Often, a smooth response to a hormone means that some processes must be sped up and others must be slowed down.
How can a single hormone have opposite effects like this?
An hormone is not different from most other molecules. To have an effect on a cell it binds to a (more or less specific) receptor, located either on the plasma membrane or inside the cell, and it initiates an intracellular cascade of events1.
There are several ways an hormone can have different effects:
there can be multiple receptors for the same hormone. For instance, prolactin can bind to two receptors, called prolactin receptor (PRL-R) short and long form. The short form of the receptor has been shown to lack the ability to promote milk protein genes transcription (See Lesueur et al., PNAS - 1991).
the same receptor can be coupled to different intracellular pathways in different cell types / physiological conditions, thus resulting in different effects.
each cell type/tissue expresses a set of protein that will interact in a different manner with the intracellular cascade promoted by the hormone.
an hormone can interact with receptors for other molecules. For instance allopregnanolone, a metabolite of progesterone, is a potent agonist of the GABA-A receptor, giving it anxiolitic properties.

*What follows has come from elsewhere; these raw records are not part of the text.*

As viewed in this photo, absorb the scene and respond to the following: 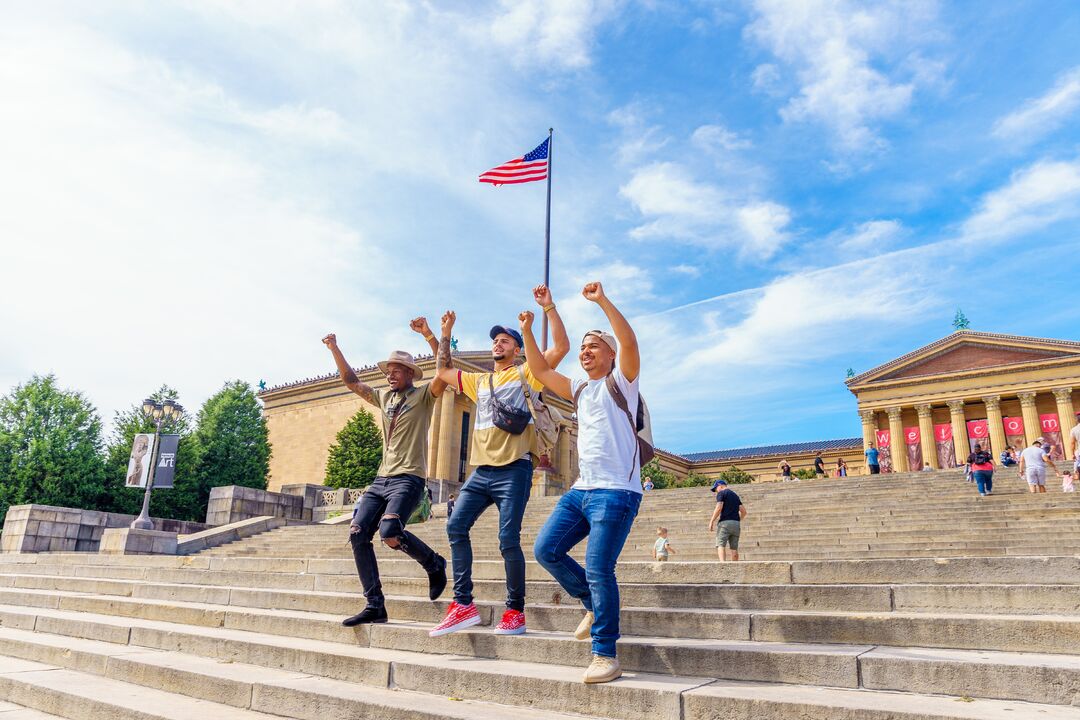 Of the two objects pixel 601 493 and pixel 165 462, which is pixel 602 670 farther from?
pixel 165 462

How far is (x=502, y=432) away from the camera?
4879 mm

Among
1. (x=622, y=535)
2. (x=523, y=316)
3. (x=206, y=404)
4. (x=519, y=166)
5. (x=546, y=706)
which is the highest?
(x=519, y=166)

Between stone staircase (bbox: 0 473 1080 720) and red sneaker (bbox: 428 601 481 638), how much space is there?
0.30 ft

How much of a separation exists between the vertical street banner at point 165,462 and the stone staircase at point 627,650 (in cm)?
954

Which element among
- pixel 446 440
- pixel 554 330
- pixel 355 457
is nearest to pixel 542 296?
pixel 554 330

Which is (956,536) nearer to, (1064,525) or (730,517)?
(1064,525)

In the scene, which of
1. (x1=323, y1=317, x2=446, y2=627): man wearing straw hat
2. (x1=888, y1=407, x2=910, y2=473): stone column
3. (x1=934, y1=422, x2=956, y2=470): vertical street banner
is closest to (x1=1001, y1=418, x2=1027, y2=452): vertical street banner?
(x1=934, y1=422, x2=956, y2=470): vertical street banner

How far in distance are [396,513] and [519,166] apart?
1954 centimetres

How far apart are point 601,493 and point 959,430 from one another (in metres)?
59.6

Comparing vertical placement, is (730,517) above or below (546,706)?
above

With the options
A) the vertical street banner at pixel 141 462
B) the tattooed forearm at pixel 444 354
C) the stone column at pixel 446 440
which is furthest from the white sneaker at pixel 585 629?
the stone column at pixel 446 440

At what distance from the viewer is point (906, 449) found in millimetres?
56656

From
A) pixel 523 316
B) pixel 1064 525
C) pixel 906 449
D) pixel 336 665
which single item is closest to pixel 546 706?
pixel 336 665

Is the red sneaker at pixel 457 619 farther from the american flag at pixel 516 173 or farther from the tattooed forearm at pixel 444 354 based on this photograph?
the american flag at pixel 516 173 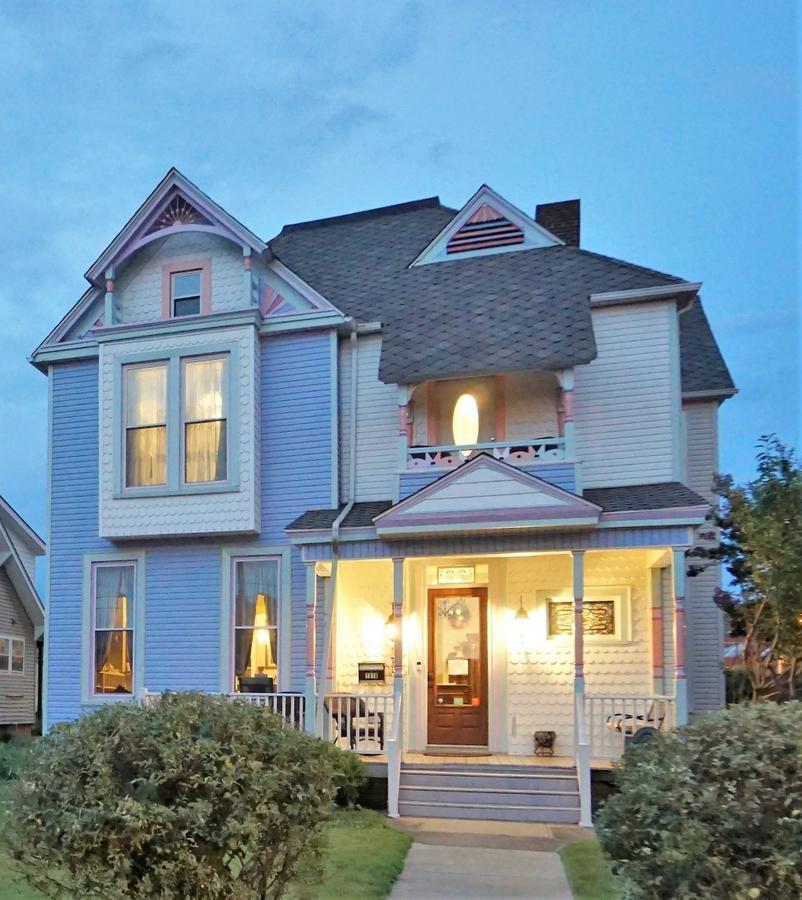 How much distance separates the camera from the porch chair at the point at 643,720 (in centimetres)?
1080

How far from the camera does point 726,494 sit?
1235 cm

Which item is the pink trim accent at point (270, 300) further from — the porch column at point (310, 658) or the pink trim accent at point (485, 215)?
the porch column at point (310, 658)

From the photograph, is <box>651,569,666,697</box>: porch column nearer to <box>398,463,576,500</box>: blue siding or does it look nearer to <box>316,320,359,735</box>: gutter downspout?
<box>398,463,576,500</box>: blue siding

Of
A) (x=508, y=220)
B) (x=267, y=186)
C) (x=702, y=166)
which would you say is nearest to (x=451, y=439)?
(x=508, y=220)

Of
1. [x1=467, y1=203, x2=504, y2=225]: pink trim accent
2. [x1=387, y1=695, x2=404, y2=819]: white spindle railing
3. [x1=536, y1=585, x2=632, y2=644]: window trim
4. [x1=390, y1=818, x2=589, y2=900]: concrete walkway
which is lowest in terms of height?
[x1=390, y1=818, x2=589, y2=900]: concrete walkway

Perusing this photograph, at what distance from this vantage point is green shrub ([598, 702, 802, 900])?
172 inches

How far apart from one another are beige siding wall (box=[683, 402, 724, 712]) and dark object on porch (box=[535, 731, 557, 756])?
229 centimetres

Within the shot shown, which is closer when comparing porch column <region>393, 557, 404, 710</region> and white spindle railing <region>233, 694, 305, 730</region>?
porch column <region>393, 557, 404, 710</region>

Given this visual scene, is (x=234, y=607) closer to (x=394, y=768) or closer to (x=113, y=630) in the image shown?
(x=113, y=630)

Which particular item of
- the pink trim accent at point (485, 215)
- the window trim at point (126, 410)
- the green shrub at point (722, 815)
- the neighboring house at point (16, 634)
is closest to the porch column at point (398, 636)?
the window trim at point (126, 410)

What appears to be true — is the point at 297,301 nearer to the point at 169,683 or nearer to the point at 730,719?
the point at 169,683

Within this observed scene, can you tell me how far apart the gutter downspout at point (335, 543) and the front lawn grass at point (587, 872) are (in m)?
3.78

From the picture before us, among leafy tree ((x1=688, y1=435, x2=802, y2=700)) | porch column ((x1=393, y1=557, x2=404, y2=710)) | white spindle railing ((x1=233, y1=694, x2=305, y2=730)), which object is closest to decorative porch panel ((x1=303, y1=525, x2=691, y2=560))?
porch column ((x1=393, y1=557, x2=404, y2=710))

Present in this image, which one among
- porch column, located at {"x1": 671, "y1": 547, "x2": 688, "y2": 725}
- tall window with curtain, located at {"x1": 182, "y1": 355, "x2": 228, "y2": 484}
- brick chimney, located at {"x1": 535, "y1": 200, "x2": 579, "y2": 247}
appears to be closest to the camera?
porch column, located at {"x1": 671, "y1": 547, "x2": 688, "y2": 725} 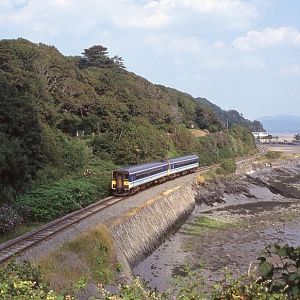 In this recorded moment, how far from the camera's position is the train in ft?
94.7

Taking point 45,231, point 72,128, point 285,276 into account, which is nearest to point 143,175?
point 45,231

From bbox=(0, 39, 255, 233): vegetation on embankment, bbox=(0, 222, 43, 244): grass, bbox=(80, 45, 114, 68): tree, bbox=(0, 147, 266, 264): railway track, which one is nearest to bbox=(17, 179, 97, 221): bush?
bbox=(0, 39, 255, 233): vegetation on embankment

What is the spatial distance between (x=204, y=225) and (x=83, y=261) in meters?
13.5

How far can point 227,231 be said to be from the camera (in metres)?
26.7

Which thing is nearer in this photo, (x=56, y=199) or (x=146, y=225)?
(x=56, y=199)

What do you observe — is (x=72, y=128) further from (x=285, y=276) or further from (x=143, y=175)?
(x=285, y=276)

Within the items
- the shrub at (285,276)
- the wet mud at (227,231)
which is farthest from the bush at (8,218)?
the shrub at (285,276)

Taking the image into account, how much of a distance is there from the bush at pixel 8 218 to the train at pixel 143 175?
923 centimetres

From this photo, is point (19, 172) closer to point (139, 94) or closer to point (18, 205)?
point (18, 205)

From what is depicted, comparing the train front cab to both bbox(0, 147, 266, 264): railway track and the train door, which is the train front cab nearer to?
the train door

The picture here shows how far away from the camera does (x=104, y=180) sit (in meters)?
30.1

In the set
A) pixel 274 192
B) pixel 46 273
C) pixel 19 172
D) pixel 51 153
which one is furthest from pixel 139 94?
pixel 46 273

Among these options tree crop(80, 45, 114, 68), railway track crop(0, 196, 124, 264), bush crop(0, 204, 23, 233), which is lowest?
railway track crop(0, 196, 124, 264)

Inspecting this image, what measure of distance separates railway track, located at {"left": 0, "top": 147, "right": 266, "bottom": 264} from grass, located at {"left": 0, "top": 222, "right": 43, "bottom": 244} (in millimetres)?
748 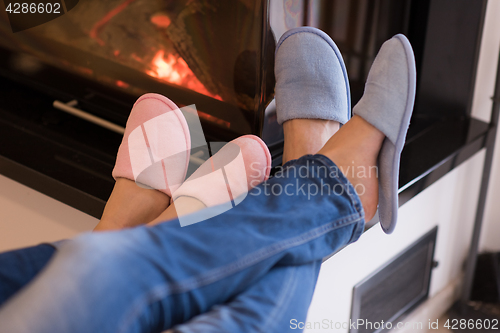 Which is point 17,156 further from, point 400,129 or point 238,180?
point 400,129

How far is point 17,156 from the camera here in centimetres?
102

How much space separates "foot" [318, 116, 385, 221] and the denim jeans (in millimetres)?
59

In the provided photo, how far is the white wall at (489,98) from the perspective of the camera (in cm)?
123

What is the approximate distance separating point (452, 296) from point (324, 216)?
1063 millimetres

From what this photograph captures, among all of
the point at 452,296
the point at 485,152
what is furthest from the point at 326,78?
the point at 452,296

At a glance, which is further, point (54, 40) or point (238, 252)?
point (54, 40)

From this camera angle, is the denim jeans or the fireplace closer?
the denim jeans

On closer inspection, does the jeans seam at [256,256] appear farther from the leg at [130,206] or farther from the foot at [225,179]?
the leg at [130,206]

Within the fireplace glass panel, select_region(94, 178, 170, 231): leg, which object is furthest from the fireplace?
select_region(94, 178, 170, 231): leg

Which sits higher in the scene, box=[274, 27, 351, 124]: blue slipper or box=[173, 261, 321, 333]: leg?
box=[274, 27, 351, 124]: blue slipper

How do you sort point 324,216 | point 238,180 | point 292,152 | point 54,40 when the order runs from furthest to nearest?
point 54,40 < point 292,152 < point 238,180 < point 324,216

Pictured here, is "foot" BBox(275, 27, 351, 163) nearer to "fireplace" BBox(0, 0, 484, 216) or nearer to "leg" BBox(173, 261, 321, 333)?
"fireplace" BBox(0, 0, 484, 216)

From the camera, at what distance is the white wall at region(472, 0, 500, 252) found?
1231mm

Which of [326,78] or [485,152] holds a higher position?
[326,78] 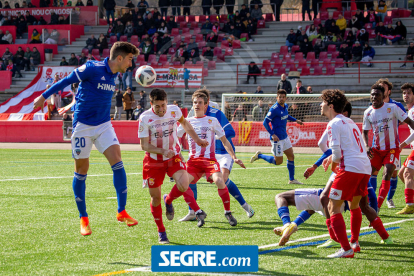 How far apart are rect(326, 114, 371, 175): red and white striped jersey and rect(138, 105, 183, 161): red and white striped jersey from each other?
2052 millimetres

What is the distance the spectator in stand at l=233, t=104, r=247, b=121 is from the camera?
73.6ft

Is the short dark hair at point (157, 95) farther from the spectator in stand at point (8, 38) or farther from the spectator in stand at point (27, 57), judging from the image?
the spectator in stand at point (8, 38)

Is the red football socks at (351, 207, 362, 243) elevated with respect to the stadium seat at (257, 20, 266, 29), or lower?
lower

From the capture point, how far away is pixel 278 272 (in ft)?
16.2

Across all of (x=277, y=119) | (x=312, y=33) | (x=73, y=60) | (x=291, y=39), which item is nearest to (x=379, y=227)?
(x=277, y=119)

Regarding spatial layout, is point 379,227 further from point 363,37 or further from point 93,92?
point 363,37

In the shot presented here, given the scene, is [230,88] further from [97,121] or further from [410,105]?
[97,121]

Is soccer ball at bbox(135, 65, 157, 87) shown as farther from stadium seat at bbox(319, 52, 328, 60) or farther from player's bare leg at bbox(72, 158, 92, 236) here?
stadium seat at bbox(319, 52, 328, 60)

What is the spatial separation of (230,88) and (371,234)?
21.9 metres

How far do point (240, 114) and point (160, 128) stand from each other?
16.2m

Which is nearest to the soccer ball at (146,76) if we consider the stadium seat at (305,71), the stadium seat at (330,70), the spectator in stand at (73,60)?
the stadium seat at (305,71)

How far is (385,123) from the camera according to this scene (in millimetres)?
8156

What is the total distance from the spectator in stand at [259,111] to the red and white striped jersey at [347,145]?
16.5m

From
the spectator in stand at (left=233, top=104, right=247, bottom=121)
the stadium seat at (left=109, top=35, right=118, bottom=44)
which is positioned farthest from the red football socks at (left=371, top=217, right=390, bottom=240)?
the stadium seat at (left=109, top=35, right=118, bottom=44) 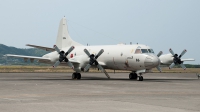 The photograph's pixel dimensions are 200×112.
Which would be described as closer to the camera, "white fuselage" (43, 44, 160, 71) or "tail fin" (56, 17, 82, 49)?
"white fuselage" (43, 44, 160, 71)

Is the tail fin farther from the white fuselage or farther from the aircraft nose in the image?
the aircraft nose

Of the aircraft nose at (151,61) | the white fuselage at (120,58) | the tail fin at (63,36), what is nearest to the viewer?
the aircraft nose at (151,61)

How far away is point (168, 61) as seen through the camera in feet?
156

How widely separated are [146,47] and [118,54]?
3.63 m

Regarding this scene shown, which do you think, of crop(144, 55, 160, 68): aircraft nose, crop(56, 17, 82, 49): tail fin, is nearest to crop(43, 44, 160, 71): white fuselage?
crop(144, 55, 160, 68): aircraft nose

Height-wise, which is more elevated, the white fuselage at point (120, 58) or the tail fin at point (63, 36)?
the tail fin at point (63, 36)

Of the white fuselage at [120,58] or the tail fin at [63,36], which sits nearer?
the white fuselage at [120,58]

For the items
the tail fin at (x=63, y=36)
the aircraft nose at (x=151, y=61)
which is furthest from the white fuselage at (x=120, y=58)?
the tail fin at (x=63, y=36)

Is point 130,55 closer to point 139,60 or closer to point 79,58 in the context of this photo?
point 139,60

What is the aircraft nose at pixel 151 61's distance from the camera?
39000 mm

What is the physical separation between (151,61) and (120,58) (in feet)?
16.5

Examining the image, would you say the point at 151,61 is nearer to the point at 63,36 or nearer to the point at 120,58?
the point at 120,58

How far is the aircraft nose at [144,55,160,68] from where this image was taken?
39.0 m

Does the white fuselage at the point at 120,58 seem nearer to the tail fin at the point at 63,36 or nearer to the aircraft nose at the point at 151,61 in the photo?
the aircraft nose at the point at 151,61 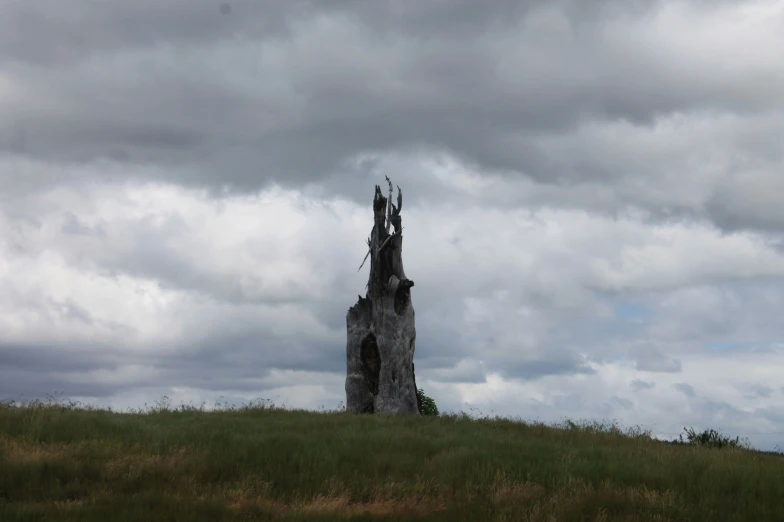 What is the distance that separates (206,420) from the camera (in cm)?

An interesting example is that of estrogenic compound. Several receptors exist for estradiol (E2). The "classical" receptors are called ER-alpha and ER-beta, and they are located in the cytoplasm. The binding of E2 to the ER promotes their dimerization and entrance into the nucleus where they can promote the transcription of various genes. ERs can also bind to other transcription factors and modulate their activity. So, depending on which transcription factors are present different genes will be transcribed in response to E2. Moreover, ER-beta can have opposite effects then ER-alpha (see for instance Weihua et al., PNAS - 2000). In addition, receptors like ERs can be activated also in absence of the endogenous hormone: for instance, dietary amino acids activate ER-alpha in liver by a mTOR-dependent phosphorylation (Della Torre et al., Cell Metabolism 2011)
To make things more complicated, membrane receptor for estrogen have been described, such as GPR30 (Revankar et al., Science - 2005), membrane "versions" of the classical ERs, plus various splicing variants of the ERs (mostly expressed in tumoral tissue).
GPR30 in breasts has been shown to activate certain molecular pathways (notably Erk1/2) that contribute to cellular growth (Filardo et al., Mol Endocrinol. - 2000), possibly linking it to proliferation of ER-negative breast tumours. Other tissues that do not express GPR30 will lack this E2-induced proliferative stimulus.
So, tissue- or time- dependent modulation of the receptors and of the intracellular pathways associated with it can allow the body to respond to the same hormone (or, more in general, to the same molecule) in opposite ways.
1 This is a simplification, not every substance (and not every hormone) acts by binding to receptors, but let's keep things simple.